**Records shown**
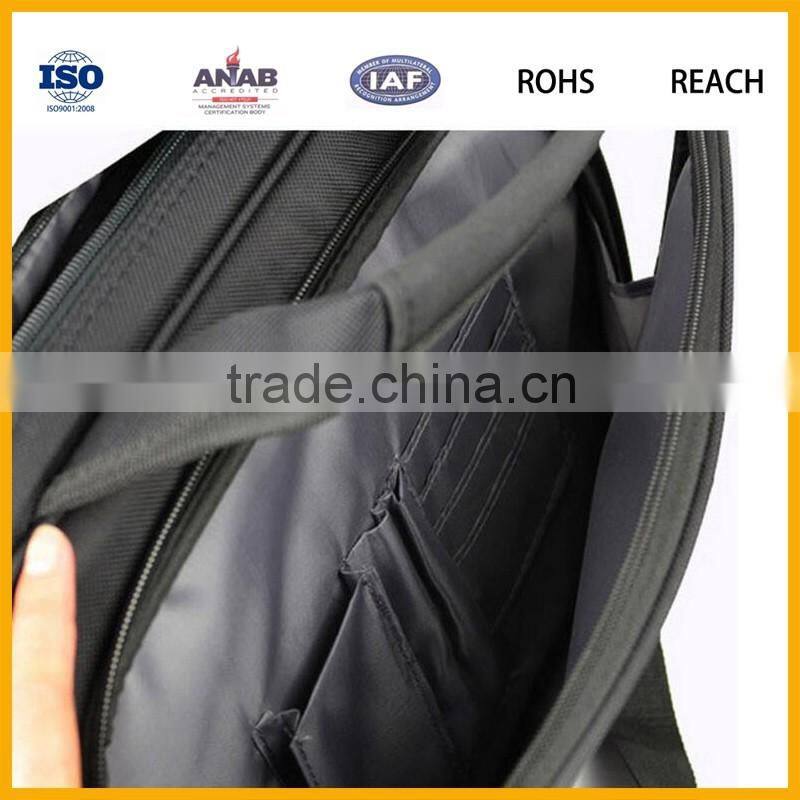 Leading Manufacturer Computer Shoulder Bag Computer Bags Laptop Bags Casual Bags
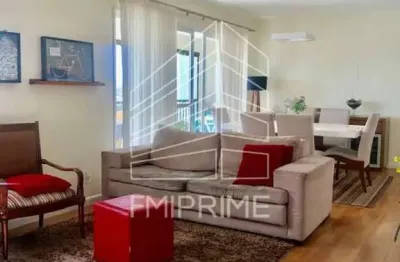 Apartamento com 3 quartos para alugar na Rua Belchior de Azevedo, 156, Vila Leopoldina, São Paulo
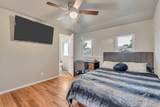 1650 Conifer Way - Photo 22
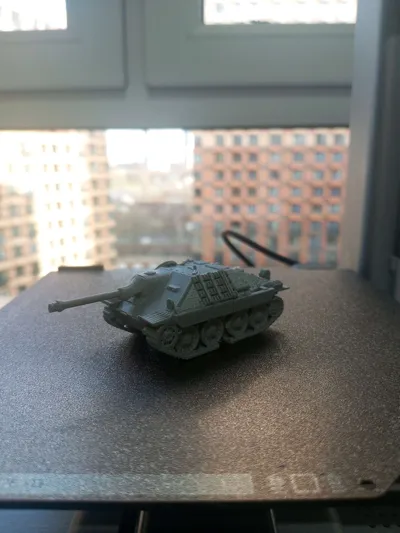 https://makerworld.bblmw.com/makerworld/model/1352218/1675044/ratings/25e6d3d0-c970-11f0-bbdc-855eecf51eef.jpg
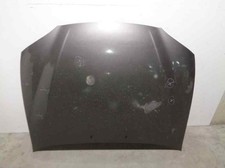 6640029510 MOTORHAUBE / GRIS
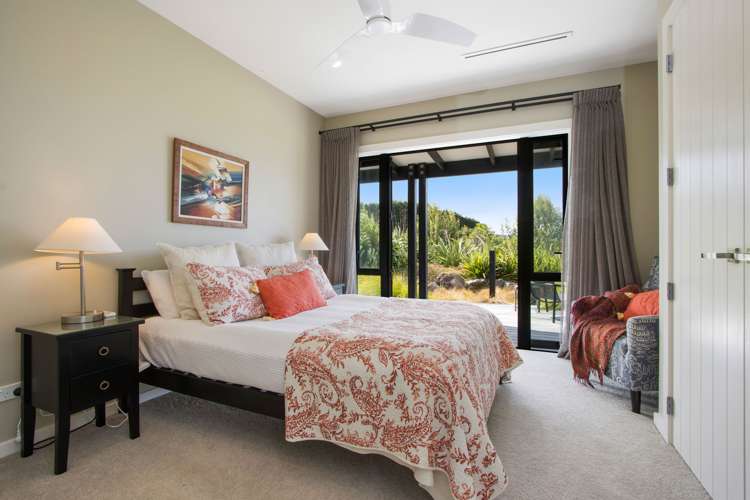 94B Kauri Point Road Katikati_24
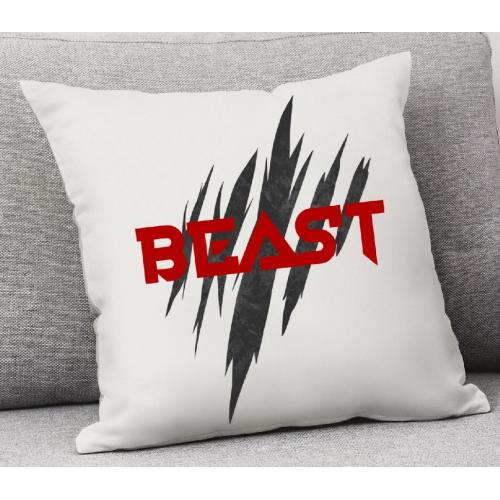 PODUSZKA druk MK deer 2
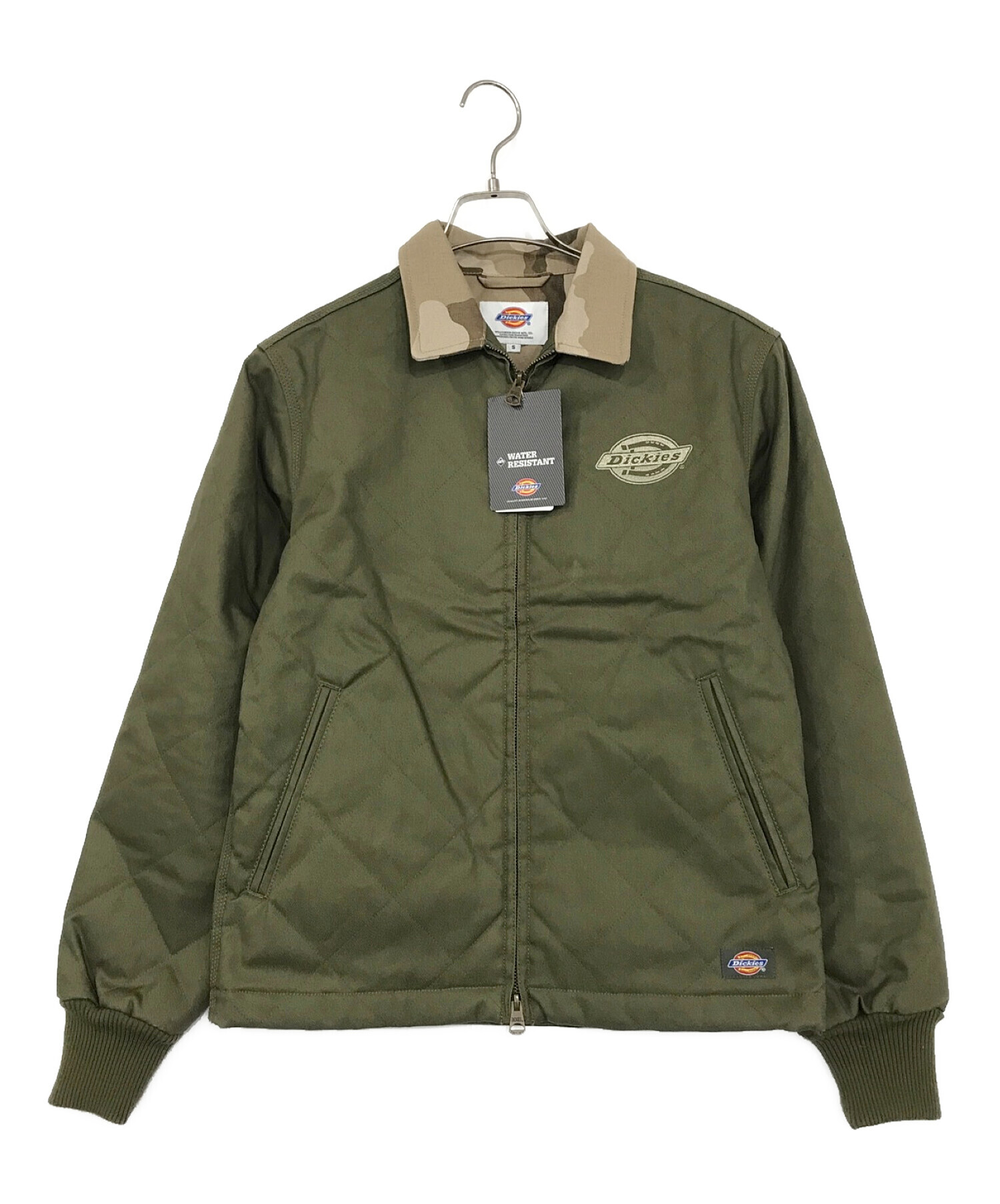 Dickies アウタージャケット お値下げ可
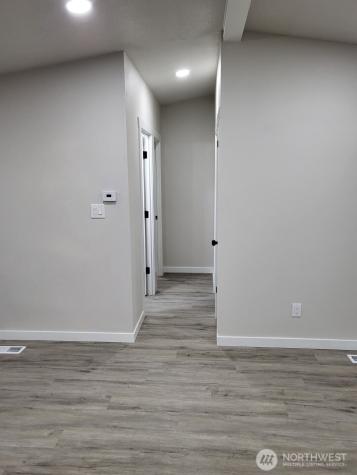 1660 S 333rd Street Federal Way WA 98003
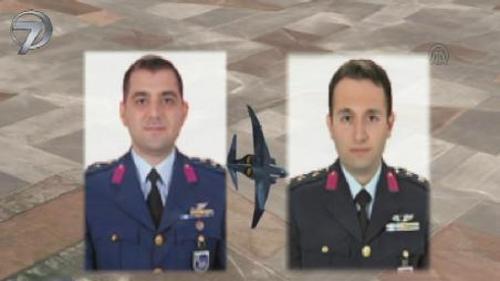 ANA HABER - 5 MART 2015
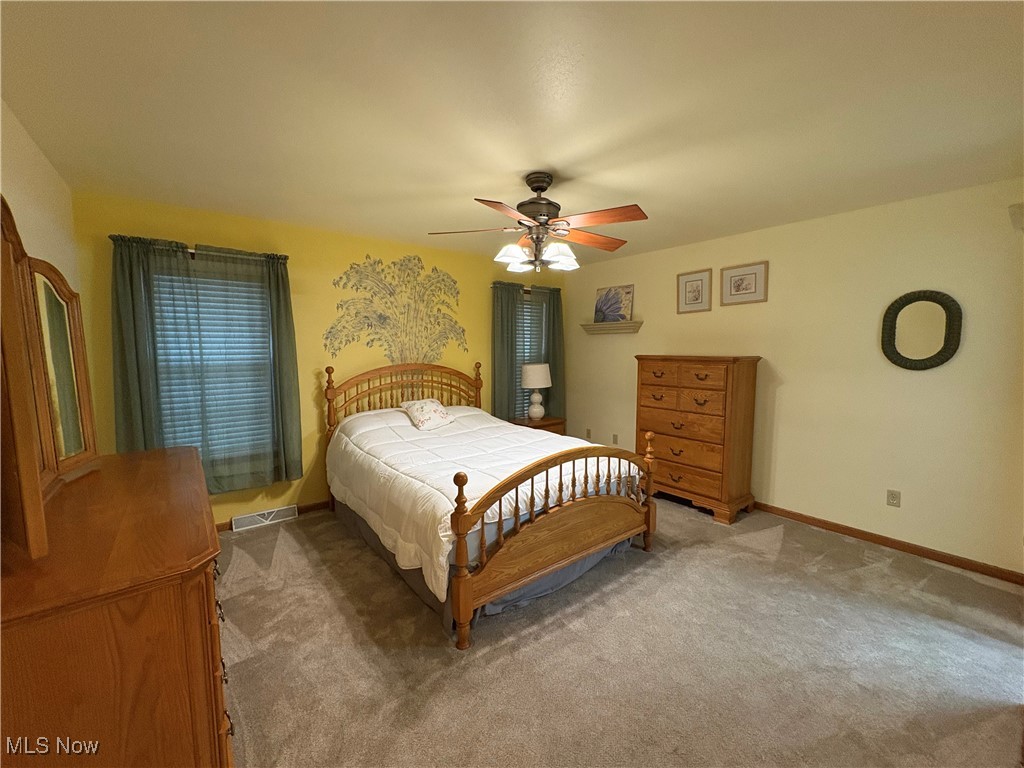 Country Mdws Lk Condo - Residential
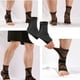 thumbnail image 5 of Tobillera para dolor articular, fascitis plantar, tendón de Aquiles, recuperación de esguinces de tobillo, 5 of 5
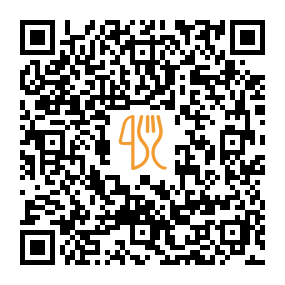 QR-code link către meniul Full Moon -b-que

**Work instructions**
Every entry should come back exactly as written, only without images.

**Result**
 Leading Manufacturer Computer Shoulder Bag Computer Bags Laptop Bags Casual Bags
 Apartamento com 3 quartos para alugar na Rua Belchior de Azevedo, 156, Vila Leopoldina, São Paulo
 1650 Conifer Way - Photo 22
 https://makerworld.bblmw.com/makerworld/model/1352218/1675044/ratings/25e6d3d0-c970-11f0-bbdc-855eecf51eef.jpg
 6640029510 MOTORHAUBE / GRIS
 94B Kauri Point Road Katikati_24
 PODUSZKA druk MK deer 2
 Dickies アウタージャケット お値下げ可
 1660 S 333rd Street Federal Way WA 98003
 ANA HABER - 5 MART 2015
 Country Mdws Lk Condo - Residential
 thumbnail image 5 of Tobillera para dolor articular, fascitis plantar, tendón de Aquiles, recuperación de esguinces de tobillo, 5 of 5
 QR-code link către meniul Full Moon -b-que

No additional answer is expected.